Tuesday, May 27, 2014

Frankenrules : WWII Mash Up or Featherstone's Nuts!

I've been messing about with mashing different sets of rules together - trying to take mechanisms from each that I like and somehow make them work. No, I haven't given up on World War Risus, but that's really best suited to games with a platoon or more per side in my experience. 

As the subject line suggests, I decided to mix Nuts! 2.0 from Two Hour Wargames, with Featherstone's simplified WWII rules from his War Games book, ostensibly intended for battalion or divisions on the table, to make something playable for a 1:1 game with a platoon or less. In the end, I also used the Six Gun Sound 1st edition rules for In Sight, G.A.S.L.I.G.H.T. and USE ME WWII.

I like Nuts! 2.0 for 10 or less figures per side, but I have trouble with all of the reactions in the larger games. Still, the game has spoiled me: I want figures in a 1:1 skirmish to react to events in the game without my involvement.

In any case, this is not a robust set of rules - I rely on both Nuts! and Featherstone's rules to fill in the gaps. If you don't have Nuts!, you can get CR3.0: Final Version for free from THW and it will supply you with all you need to understand Reps, passing and failing reaction tests, etc.

Without further ado, for those who might be interested in such things, I present:

Featherstone's Nuts!

All figures have a quality rating (per Nuts! and other THW titles). With a platoon on the table, I just assign a single Rep to all members of the same squad to make my life easier.

Initiative: Decide initiative however you'd like.

Movement: I waffle on this, Featherstone suggests 6" for infantry, THW uses 8". Either way.

Reaction Check:  If a figure/unit moves into LOS of an enemy unit, either from behind cover or not, the enemy figures/units with LOS roll 2d6 to see how they react. If they pass 2, they open fire, if they pass 0 they hold. 

If they roll 1, the sides draw. 

Roll 1d6 per unit involved (or per figure if preferred) and add to figure/unit Rep. Actions proceed then from highest to lowest. The moving unit does not need to fire, but can continue their move, while the reacting side can only choose to fire or not, if they win the draw. 

Shooting: Roll 1d6 per target rating of the weapon (See Nuts! 2.0 or CR3.0: FV), hit targets in the open on a 4-6, in cover on a 5-6. 

I target the unit, not individuals and then allocate hits using a method taken from G.A.S.L.I.G.H.T. which allows for the possibility that the same figure was hit multiple times.

Saving Throw: For each hit a figure takes, they roll 1d6. In the open, they make their save on a 5 or 6, in cover, 4-6. 

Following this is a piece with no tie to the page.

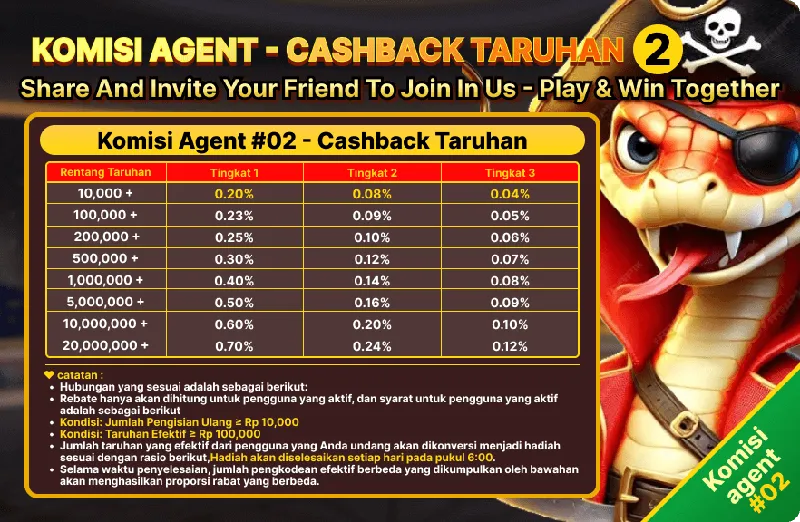 Program komisi agen berdasarkan taruhan teman yang diundang dengan sistem cashback berjenjang hingga 3 tingkat. - d06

If they make their save, they are forced back either 1 move or until out of LOS from the unit that fired on them (whichever is shortest) and their activation is over for this turn. It's possible that this movement will force a different non-active side unit to make a reaction check.

Melee: I use opposed d6 rolls added to Rep. High score wins. No save.

Morale: I'm not sure how to handle this or if I even want to.

Thursday, May 22, 2014

Things Go Awry in the Dungeon Near Skalafell

The other night, we played the next installment of Fjörgyn and friends in the dungeon near Skalafell. Here is the tale of that session.


After resting for a bit, the party re-lit their torches, and Fjörgyn chose to lead them back up the steps into the store room to root about the items there: seems she had gotten the idea the chests might have coin or other treasure. With Charlie Bucky and Badir watching the exits, Fjörgyn and her faithful side-kick, Zelligant fussed about with the chests.

Out in the darkness of the hallway to the north, Badir caught sight of glowing orbs moving towards them and coming in fast. 

The chests abandoned, Charlie Bucky and Fjörgyn rushed to the door to see four giant fire beetles closing in on them.

Fjörgyn unleashed an arrow but it did little good and soon the battle was joined.

The gods (the dice gods, that is) were kind to Zelligant and Badir, but both Fjörgyn and Charlie Bucky took significant damage before the surviving beetles were driven off.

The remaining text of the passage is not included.